Exploring Relationships {-}
Attribution: This lab is an adaptation of Chapter 4 of Answering questions with data Lab Manual by Matt Crump and his team.
Log into your Posit/RStudio Cloud account.
Open the Lab 4 Relationships project.
Open the Lab4-Remix-Student-Name.Rmd worksheet
IMPORTANT!
Remember to rename this file to include your name in place of “Student-Name”. Example: Lab-4-Remix-Sue-Smith.Rmd
Also, put your name in the Author area and change the Date to the current date.
Other than entering your name to replace Student Name and changing the date to the current date, do not change anything in the head space.
Load the libraries! The code is in the report template, so just run it.
CC1
library(ggpubr)
library(tidyverse)
library(moderndive)
library(scales)
library(broom)
This generalization exercise will explore the idea that correlations between two measures can arise by chance alone. There are two questions to answer. For each question, you will be sampling random numbers from uniform distribution. To conduct the estimate, you will be running a simulation 100 times. The questions are:
Warm-up Part 1. Estimate the range (minimum and maximum number) of correlations (using pearons’s r) that could occur by chance between two variables with n=10. Also create a histogram of the possible values.

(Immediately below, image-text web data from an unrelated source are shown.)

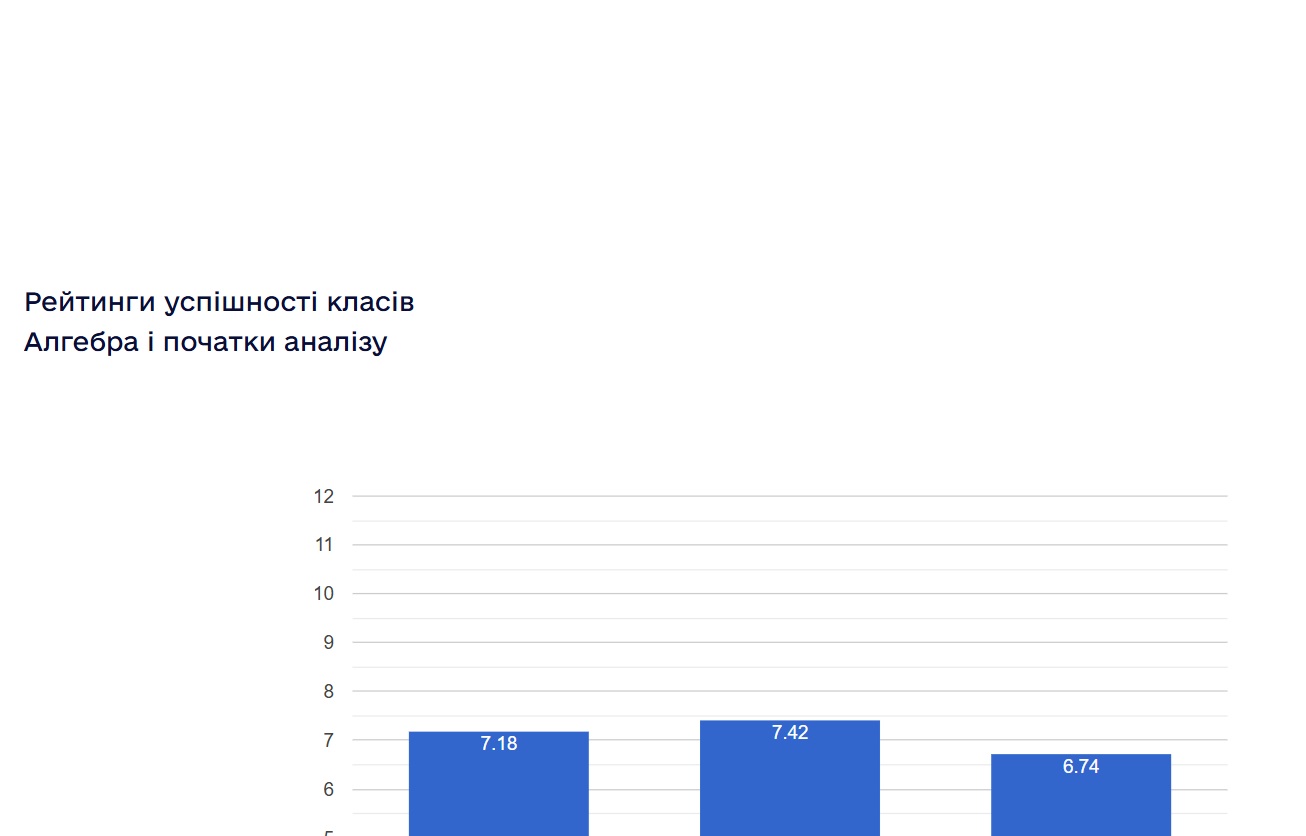 ���������� ���������� ������ ���������� ���������� ����� � 2024/2025 ����.����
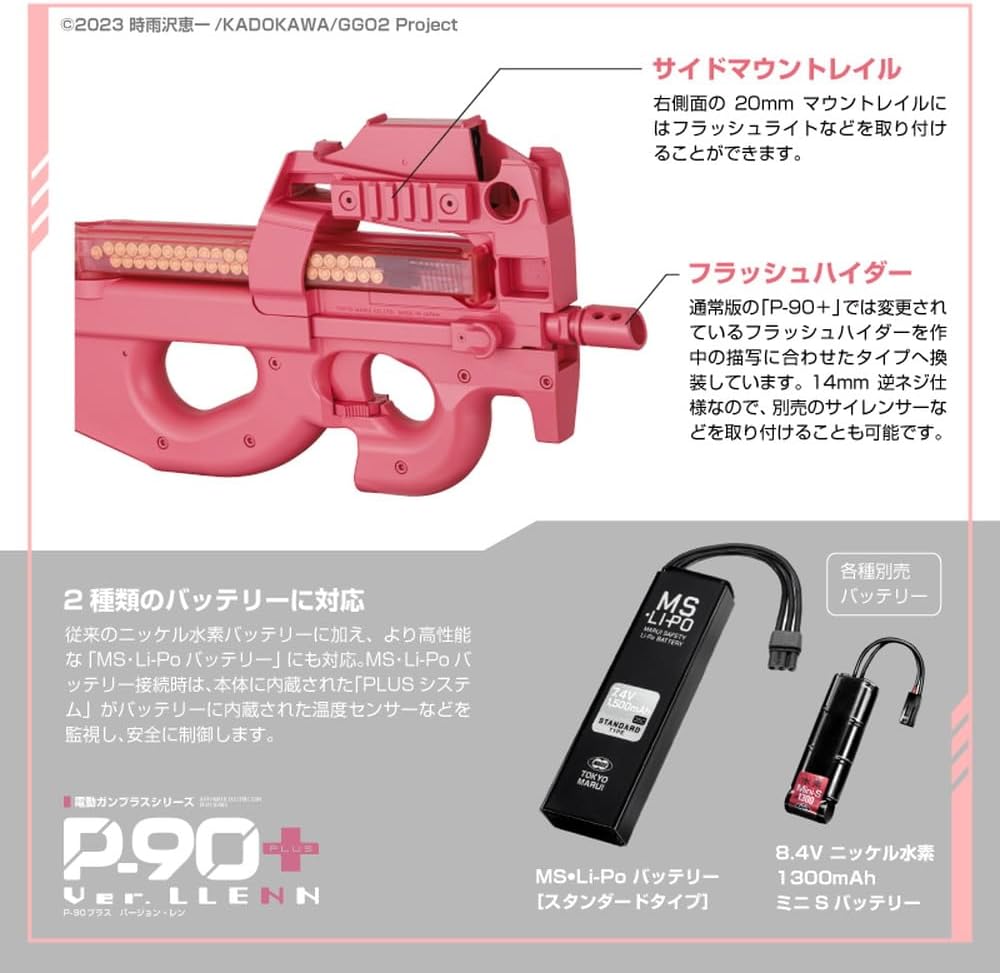 東京マルイP90レン(未開封)+販促ポスター額付+FMA P90リアスイベル P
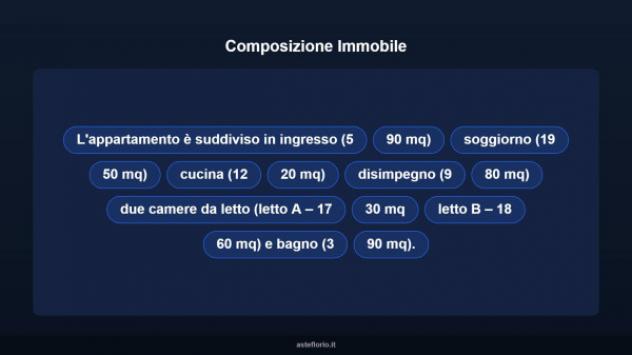Immobile in asta di 87 m² in vendita a Taranto - Foto 12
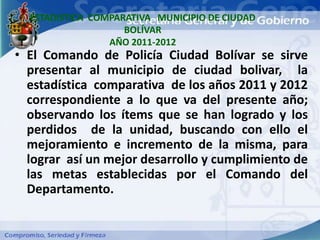 ESTADISTICA COMPARATIVA MUNICIPIO DE CIUDAD
                    BOLÍVAR
                 AÑO 2011-2012
• El Comando de Policía Ciudad Bolívar se sirve
  presentar al municipio de ciudad bolivar, la
  estadística comparativa de los años 2011 y 2012
  correspondiente a lo que va del presente año;
  observando los ítems que se han logrado y los
  perdidos de la unidad, buscando con ello el
  mejoramiento e incremento de la misma, para
  lograr así un mejor desarrollo y cumplimiento de
  las metas establecidas por el Comando del
  Departamento.
 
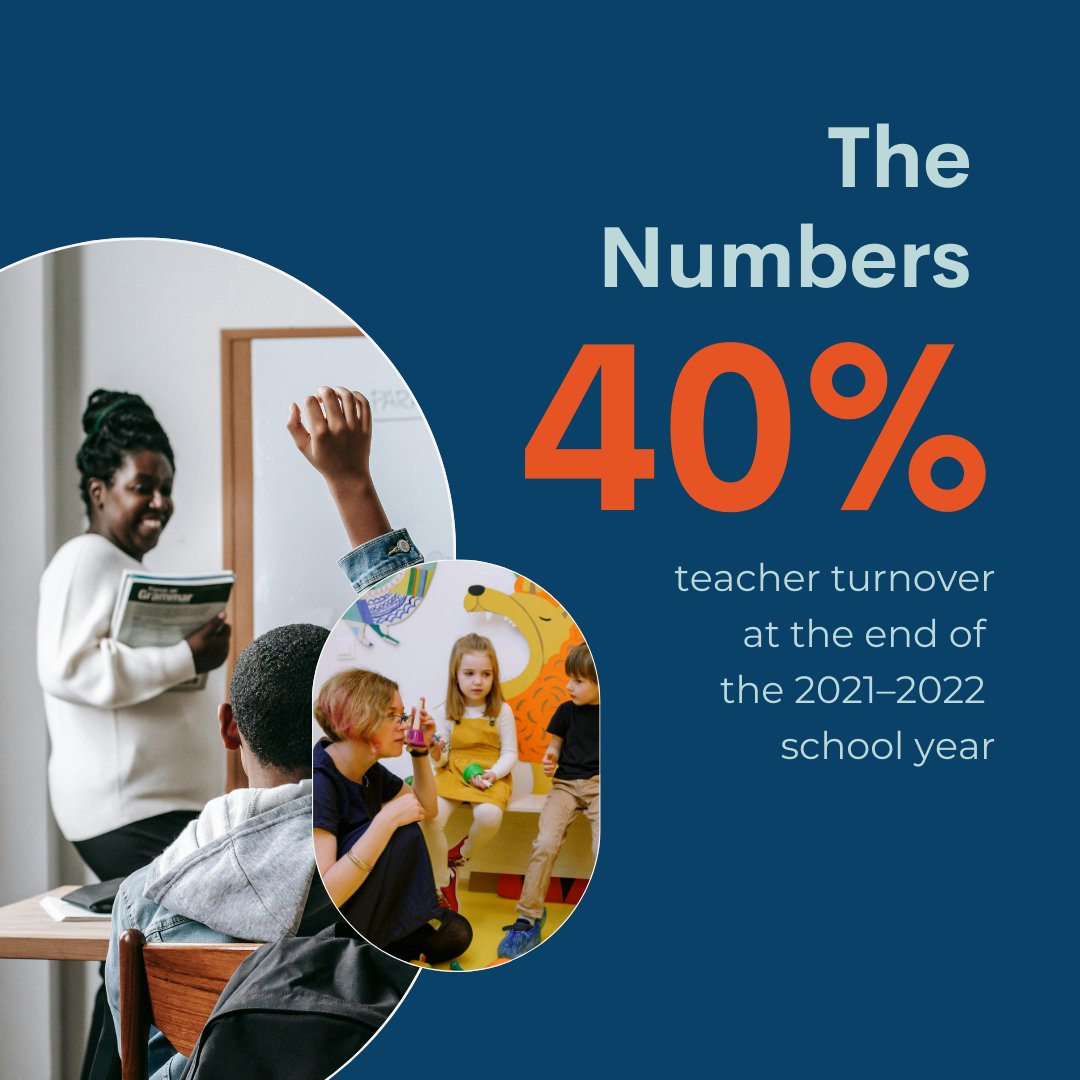 Searchality's tweet photo. 🔄 40% of Teachers Left by 2022 🔄
With 40% of teachers leaving the profession by the end of 2021-2022, we’re facing a serious education crisis. How can we turn things around?
Dive into the data and solutions in our blog post.
👉 https://t.co/m8Rbo0nq5b https://t.co/cAd4bEfQuK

Warm-up Part 2. Estimate the range (minimum and maximum number) of correlations (using pearons’s r) that could occur by chance between two variables with n = 100.
Use these tips to answer the question.
Tip 1: You can use the runif()
function to sample random
numbers between a minimum value, and maximum value. The example below
sample 10 (n=10) random numbers between the range 0 (min = 0) and 10
(max=10). Every time you run this code, the 10 values in x will be
re-sampled, and will be 10 new random numbers.
CC2
x <- runif(n=10, min=0, max=10)
Tip 2: You can compute the correlation between two sets of random
numbers, by first sampling random numbers into each variable, and then
running the cor()
function.
CC3
x <- runif(n=10, min=0, max=10)
y <- runif(n=10, min=0, max=10)
cor(x,y)
Running the above code will give different values for the correlation each time, because the numbers in x and y are always randomly different. We might expect that because x and y are chosen randomly that there should be a 0 correlation. However, what we see is that random sampling can produce “fake” correlations just by chance alone. We want to estimate the range of correlations that chance can produce.
Tip 3: One way to estimate the range of correlations that chance can produce is to repeat the above code many times. For example, if you ran the above code 100 times, you could save the correlations each time, then look at the smallest and largest correlation. This would be an estimate of the range of correlations that can be produced by chance. How can you repeat the above code many times to solve this problem?
We can do this using a for
loop.
The code below shows how to repeat everything inside the for loop 100
times. The variable i
is an index, that goes from 1 to 100.
The saved_value
variable starts out as an empty variable,
and then we put a value into it (at index position i, from 1 to
100).
In this code chunk, we put the sum of the products of x and
y into the saved_value
variable. At the end of the
simulation, the save_value
variable contains 100 numbers.
The min()
and max()
functions are used to find
the minimum and maximum values for each of the 100 simulations.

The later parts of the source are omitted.